La salute continua sempre bene, malgrado il caldo infernale (anche se è inverno) e l’umidità sempre altissima e che certamente ha ripercussione sulla salute…
Per la somma promessa, capisco che dovrei insistere con Lei perché se la tenga. Ma i poveri non si vergognano di chiedere. Perciò desidererei che Lei ci comprasse delle casule (leggere e a buon mercato, da battaglia) di tutti i colori, perché sto celebrando Messa sempre in bianco, perché ho solo il bianco e la fodera rossa che mi serve per i martiri!
Mi dispiace se Le chiedo sempre e non posso far niente per Lei; Le assicuro però che prego e che farò pregare per Lei e le Sue intenzioni dai miei bambini.
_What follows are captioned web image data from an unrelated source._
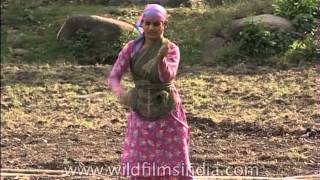 Women working in the fields in rural Uttarakhand [upl. by Faludi504]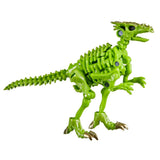 Transformers War for Cybertron Kingdom WFC-K22 Core Dracodon green dinosaur skeleton toy
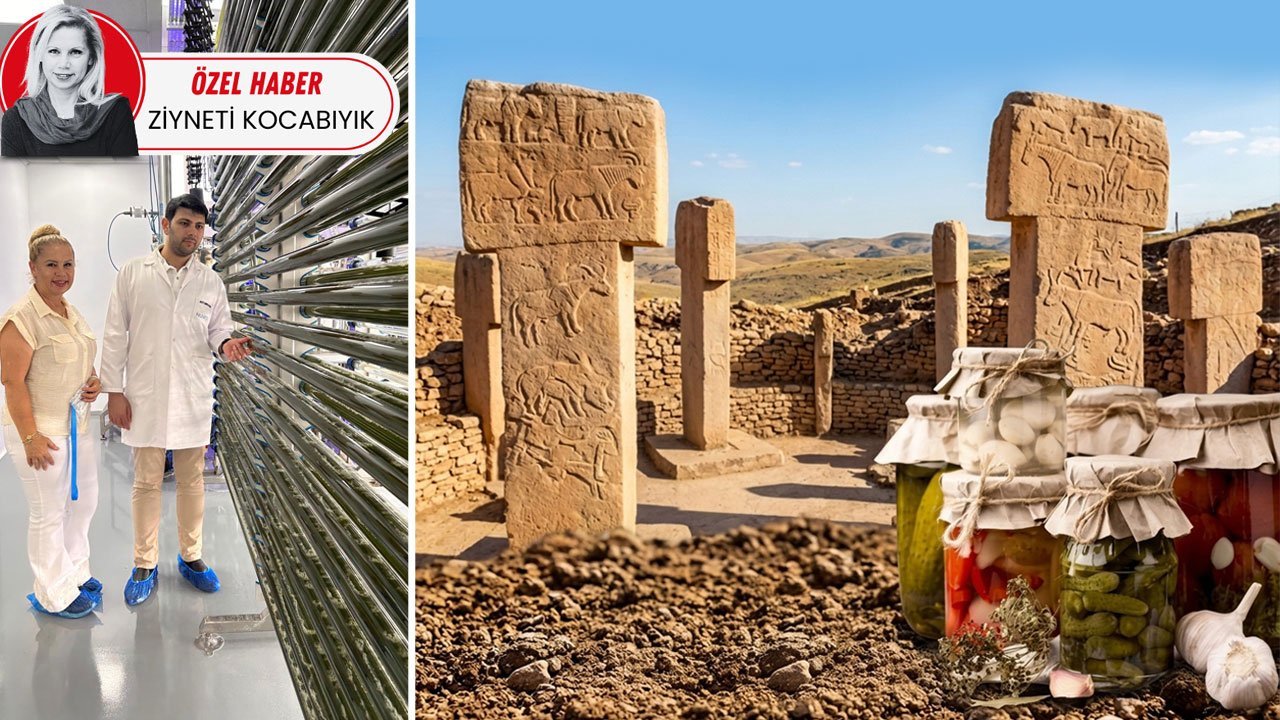 Yerli bakteri geliyor! Göbeklitepe toprağı Türk insanına şifa olacak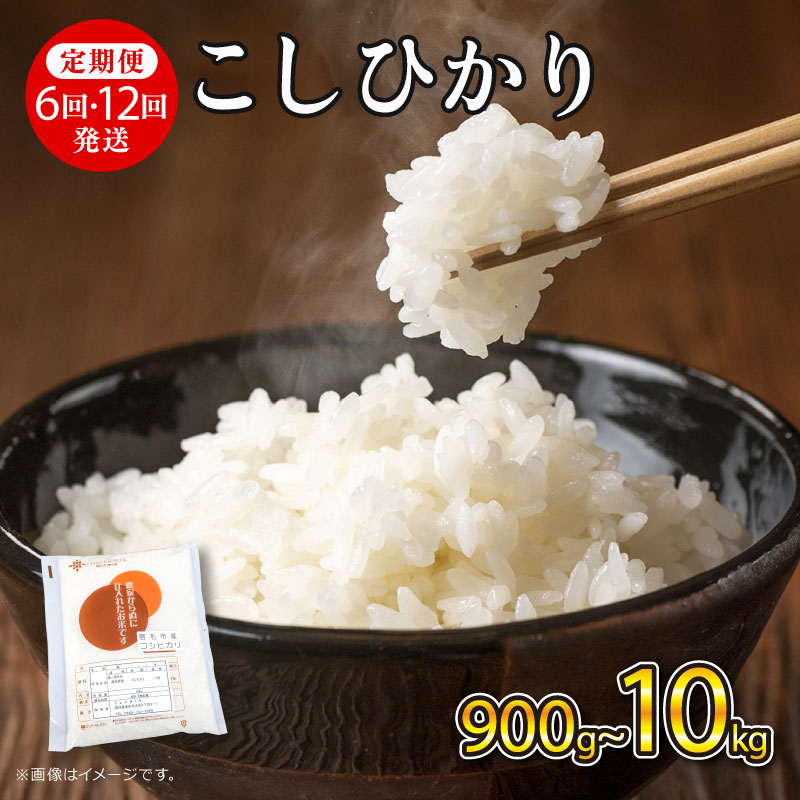 【ふるさと納税】 令和7年産 米 コシヒカリ 定期便 900g ~ 10kg 5kg お米 精米 白米 こめ おこめ 3kg 2kg 6回 12回 毎月 隔月 2025年産 R7 ふるさと米 ご飯 一人暮らし お試し 国産 産地直送 ギフト プレゼント 贈答 5000円 以下 ふるさと納税 宿毛市 高知県｜高知県宿毛市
Contentissimo della buona riuscita dei campeggi; faccia a spallottate di neve anche per me.
Salvador 17 agosto 1966
Don Paolo
PS – Sono stato in Prefettura[3]: il terreno è già stato venduto; ho fatto il diavolo a quattro, dicendo che il prefetto era bugiardo. Si sono arrabbiati, ma adesso cercano di aiutarmi; speriamo bene; il “continua” nella prossima lettera.
[1] La parrocchia di Nossa Senhora de Guadalupe, la cui chiesa centrale si trova su una elevazione chiamata “Alto do Perù” (perù è il tacchino), è divisa in vari quartieri, e Fazenda Grande è quello affidato a Don Paolo, che intendeva stabilire lì la sua residenza.
[2] Si riferisce alle casette costruite per i “desabrigados – senzatetto”, persone le cui case erano state distrutte dalle piogge. Le minuscole costruzioni non avevano neppure una finestra, che ora, grazie alle proteste, erano state aperte.
[3] Con in nome di Prefettura sin indica l’ufficio del Sindaco, che in Brasile si chiama Prefetto.